The following is a poem inspired by my weeks at Marine OCS:
No,
none of the destruction yet from this earth,
not even the cloudy bursts of bright heat,
will vanish every remnant.
At least rubble, rubble remains
for Tracers to complain about the uneasy effort.
But the Sun that powered a time of creating
will at last sear molten across the fertile, turning substance,
making a seal of the versatile surface.
When the furnace dwarfs,
leaving a dark, frozen finish,
the hardened thorough mix
shall never again yield up anything former.
The globe may too slowly wander without rest
with only blackened edges of the universe
as a wreath upon the tomb.
And surely it will again lack spokesmen
to say how it once appeared.
My college instructor loved the "rubble, rubble" duplication. I realized that this was not originally intended, so it must have been an unconscious event, my having typed the word twice. But I liked it, too, so I have left it that way.
I suppose I was most saddened when I left Marine OCS that I was disappointing Gunny Williams. He taught all of us so much, but me perhaps the most. As I said, I would return for the graduation. I would also fly back on a non-stop from Dulles with 2nd Lt.
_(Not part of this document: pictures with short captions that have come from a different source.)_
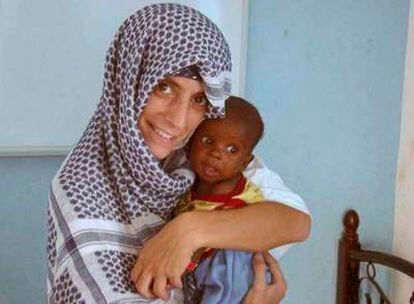 La enfermera argentina Pilar Bauza, con un niño somalí, en una imagen tomada este año.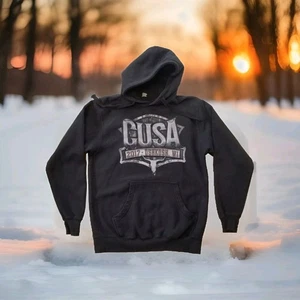 ✅2017 Country USA Oshkosh WI Concert Hoodie Black Graphic Print Pullover MEDIUM - Picture 1 of 14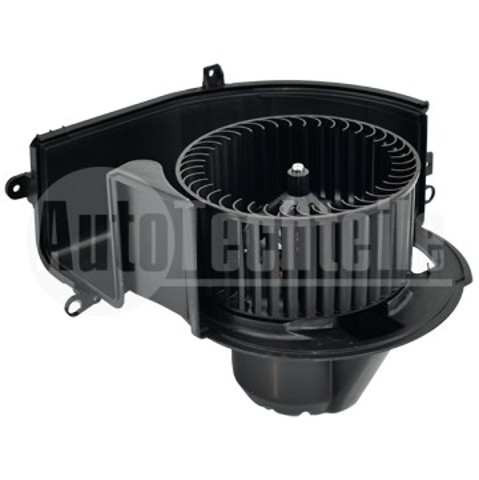 Электродвигатели (электродвигатель отопителя) или розетка прицепа штепсельная 7006404 AUTOTECHTEILE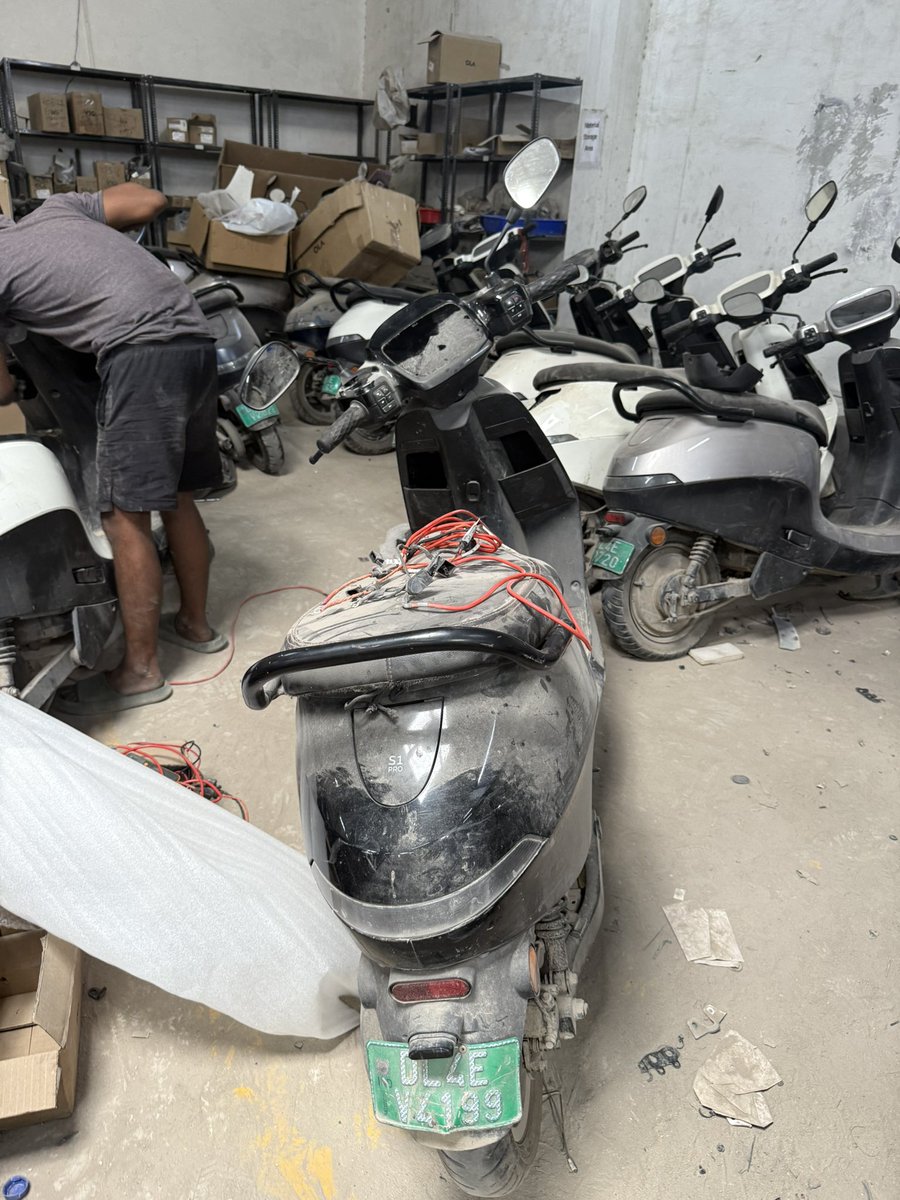 TusharSangwan7's tweet image. Absolutely fed up with @OlaElectric! My scooter (DL4EV4199) has been with them for 25+ days. Constant false promises from the service center, no scooter, and I'm shelling out a fortune on cabs daily. This isn't saving money, it's costing me!#OlaElectricScam #ServiceNightmare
Darwin Newlin. I would later chat with 2nd Lt. Mullens when he was stationed at Camp Pendleton. And I have photographs of the time that 2nd Lt. Dennis Zito, stationed at 29 Palms, visited us in South Gate, CA, and we all drove down to San Diego in my Mustang. I would remain friends with Den and Beth Zito into the 80's, as well as become friends with his brother Dave Zito, who was in the Air Force and stationed at Edwards AFB after I had returned from Air Force OCS.